EUREKA SPRINGS (KFSM) -- No new bed and breakfasts will be popping up in arguably one of Arkansas' most popular tourist areas anytime soon.
The city council passed a moratorium on B&Bs on June 27 with a 4-2 vote.
The Eureka Springs Planning Commission will take over by drafting new rules concerning B&Bs within city limits.
The new rule was spearheaded by alderman and restaurant owner, James DeVito, who said housing options for people who live and work in the small city are lacking.
"The availability for rental properties for people who live and work here is diminishing," DeVito said. "The more B&Bs that we allow in the residential areas, the more it fragments the fabric of residential Eureka Springs."
Opponents have responded by calling the six month moratorium unfair.

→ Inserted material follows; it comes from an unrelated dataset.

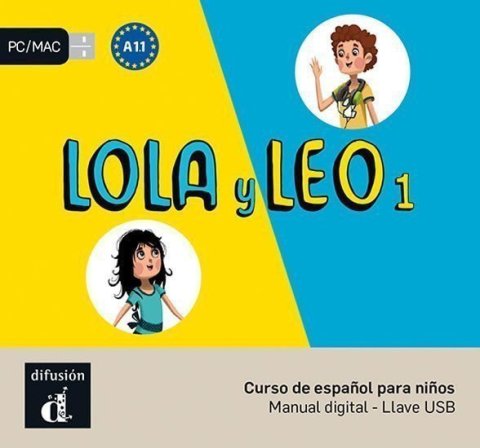 neuveden: Lola y Leo 1 (A1.1) – Llave USB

Alderman Mickey Schneider is one of those who doesn't agree with the rule and voted against it. She said the moratorium negatively affects bed and breakfast owners.
"The owner or manager has to live there," Schneider said. "So a B&B is not a second home being rented out when the owner lives in another state. The owners actually live on site; they are locals."

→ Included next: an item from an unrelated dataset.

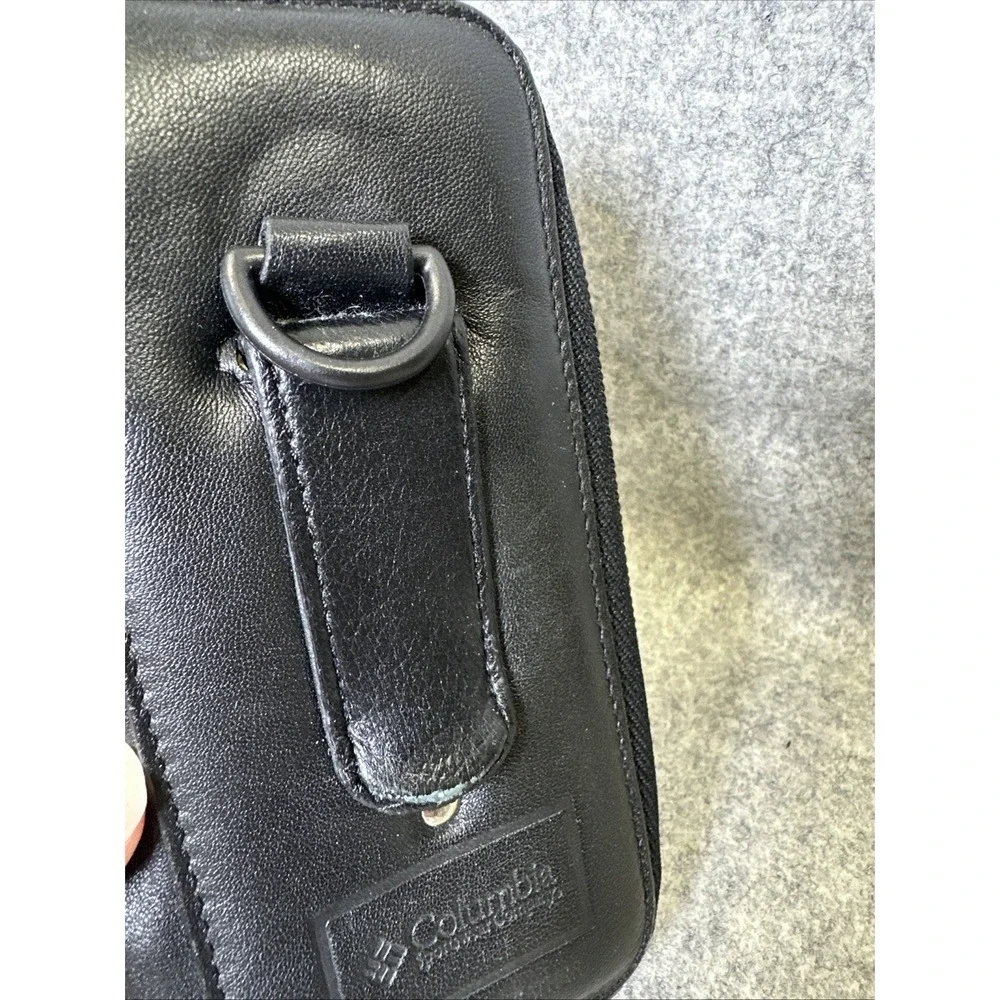 Columbia Carry Case Leather Holster Wallet Small Phone Holder Belt Clip‎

DeVito argued that a B&B manager would suffice per city rules that are currently in place. He said that nothing would stop people from coming into the city and buying homes for business.

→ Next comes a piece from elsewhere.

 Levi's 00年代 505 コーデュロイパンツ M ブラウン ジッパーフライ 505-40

"There's no ordinances to preclude that somebody with enough deep pockets to come in to buy a number of B&B properties and just put their managers on site," DeVito said. "That's the only requirement that we have."
There does however, seem to be common ground for both sides and it would include giving developers incentives to turn old lodges and motels into apartments for local residents.
"We have 5,000 hotels and motel [rooms] that can't fill up even during peak time that could be perfect apartment complexes," Schneider said.
Both alderman agreed that there needs to be more affordable housing options for residents.
"If someone really wanted to make a good investment, this is the area to go. We get seasonal workers, we get people who would love to move here," Schneider said. "There are no apartment complexes to speak of."